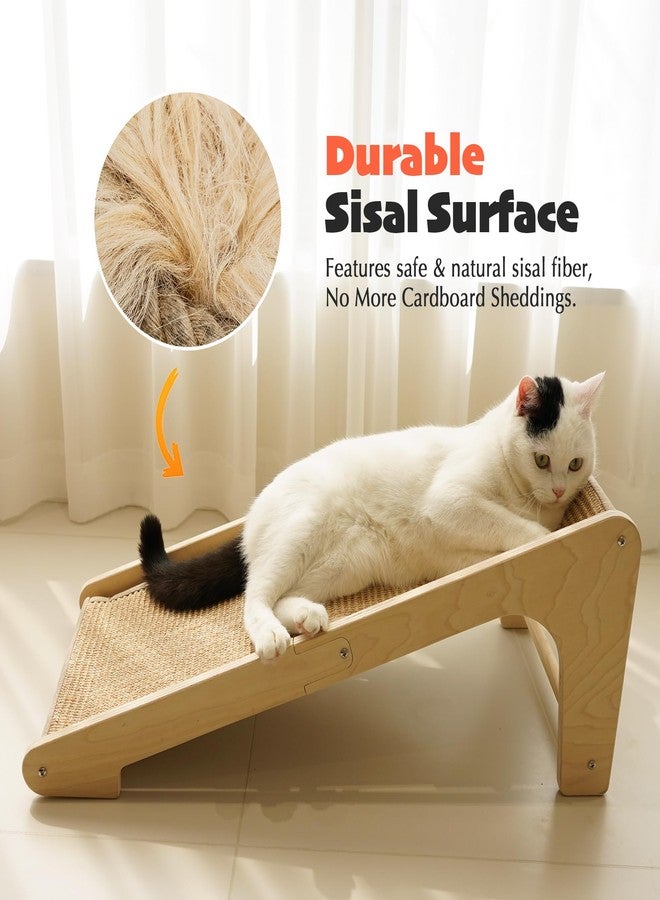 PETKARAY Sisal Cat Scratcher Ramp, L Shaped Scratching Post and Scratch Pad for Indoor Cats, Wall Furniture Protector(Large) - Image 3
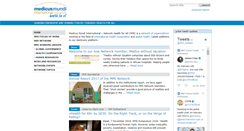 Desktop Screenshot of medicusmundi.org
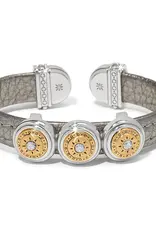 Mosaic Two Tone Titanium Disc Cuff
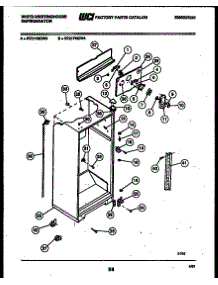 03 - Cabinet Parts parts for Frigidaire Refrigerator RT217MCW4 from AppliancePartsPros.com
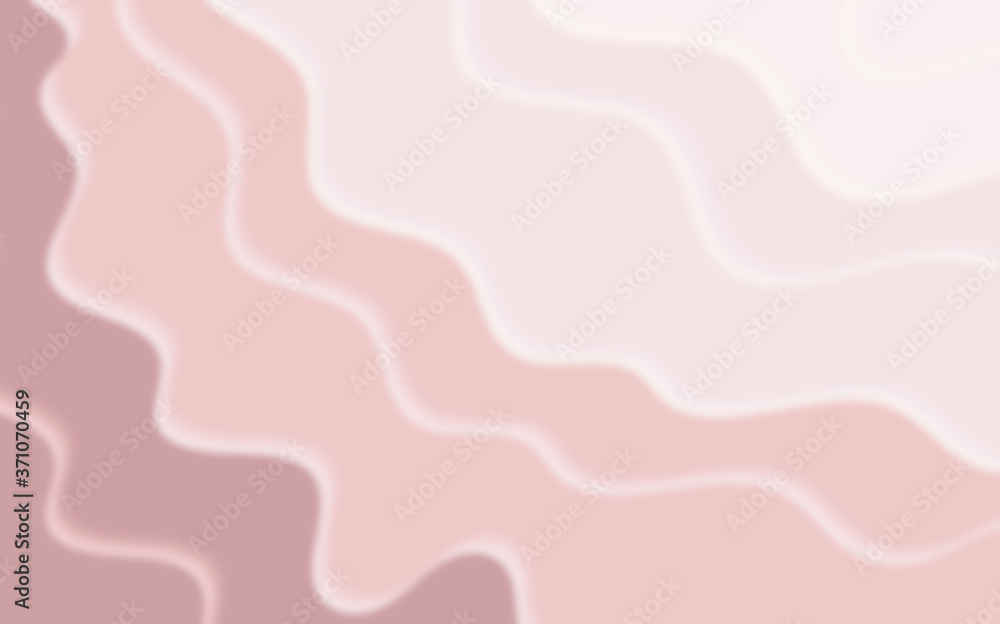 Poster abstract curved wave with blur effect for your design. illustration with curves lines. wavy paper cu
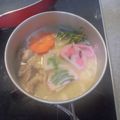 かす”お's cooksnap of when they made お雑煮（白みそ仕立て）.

--

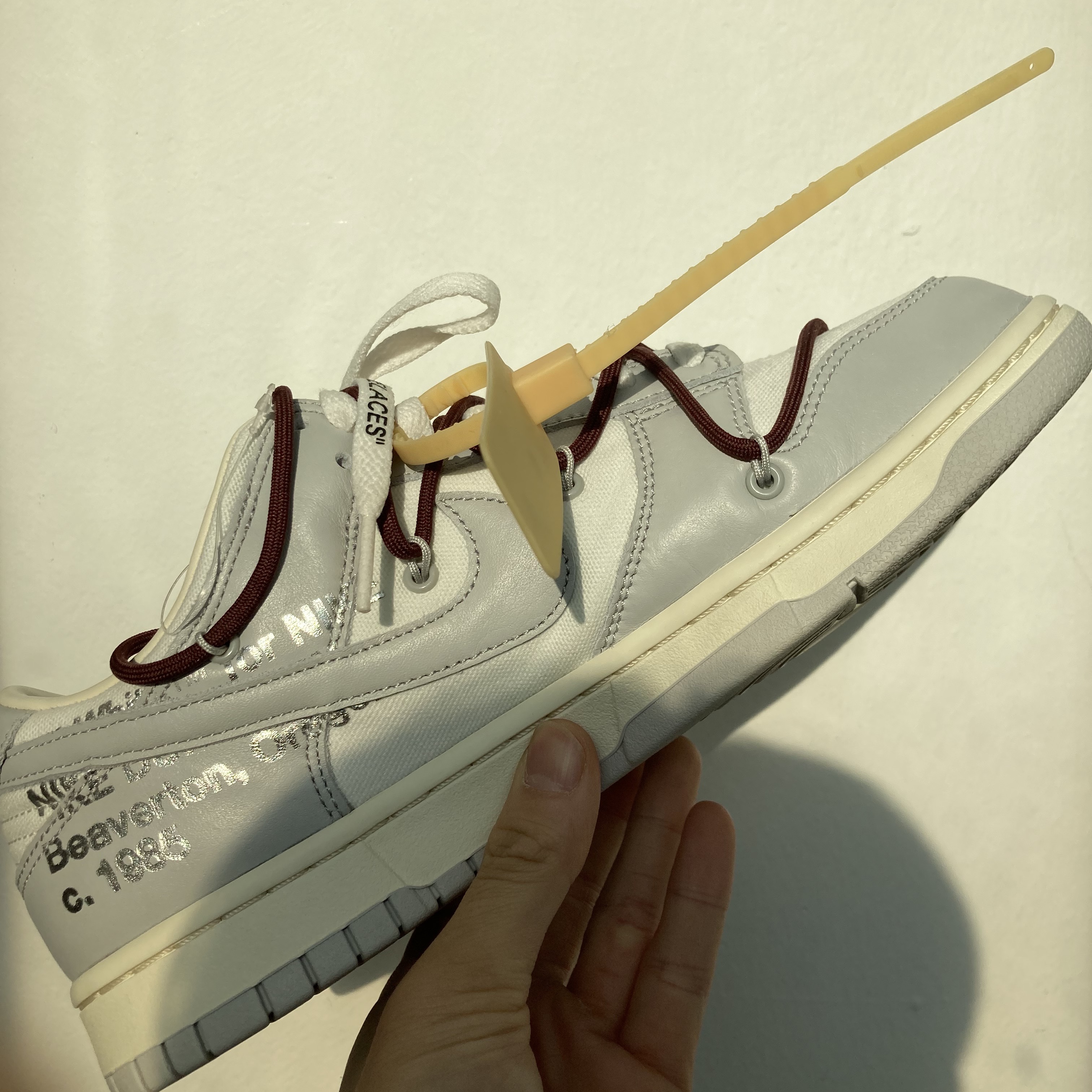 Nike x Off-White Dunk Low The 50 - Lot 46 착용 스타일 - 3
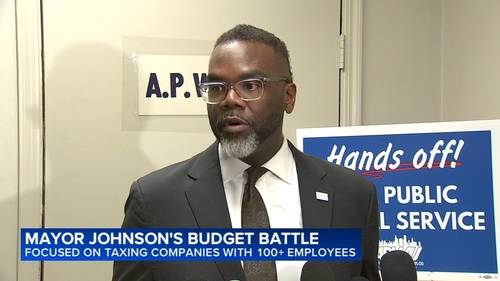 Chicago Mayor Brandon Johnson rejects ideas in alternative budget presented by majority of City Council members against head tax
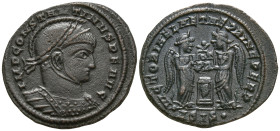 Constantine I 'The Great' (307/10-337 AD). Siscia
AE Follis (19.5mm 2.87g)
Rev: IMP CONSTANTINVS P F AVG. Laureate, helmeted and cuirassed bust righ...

...

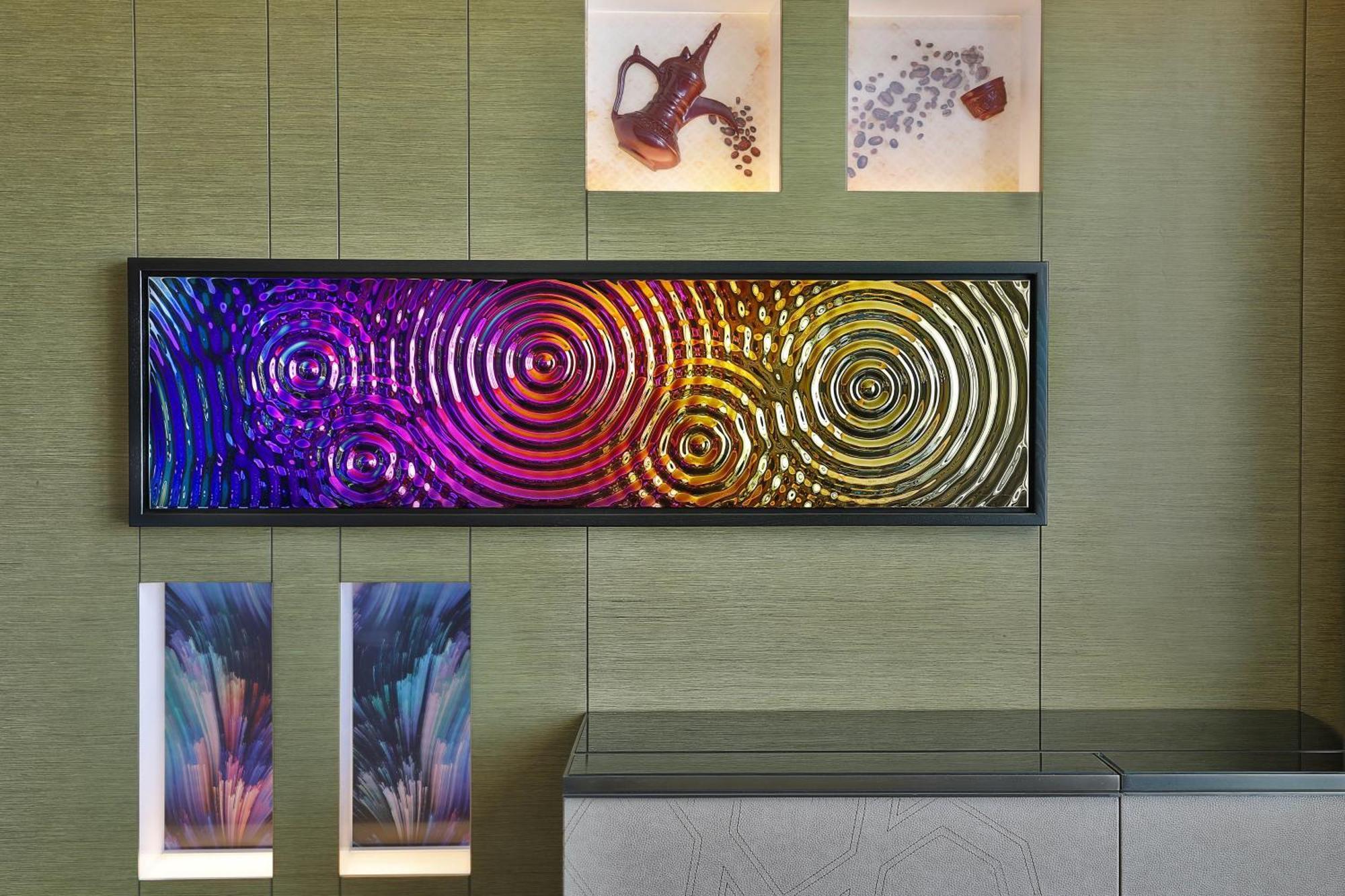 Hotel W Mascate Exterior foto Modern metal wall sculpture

▶ Your assignment: Both the line containing "Chicago Mayor Brandon" and the line containing "Rev: IMP CONSTANTINVS" above belong in the output, as do the lines between them. Print them exactly, without pictures.

▶ The completed task:
 Chicago Mayor Brandon Johnson rejects ideas in alternative budget presented by majority of City Council members against head tax
 Constantine I 'The Great' (307/10-337 AD). Siscia
AE Follis (19.5mm 2.87g)
Rev: IMP CONSTANTINVS P F AVG. Laureate, helmeted and cuirassed bust righ...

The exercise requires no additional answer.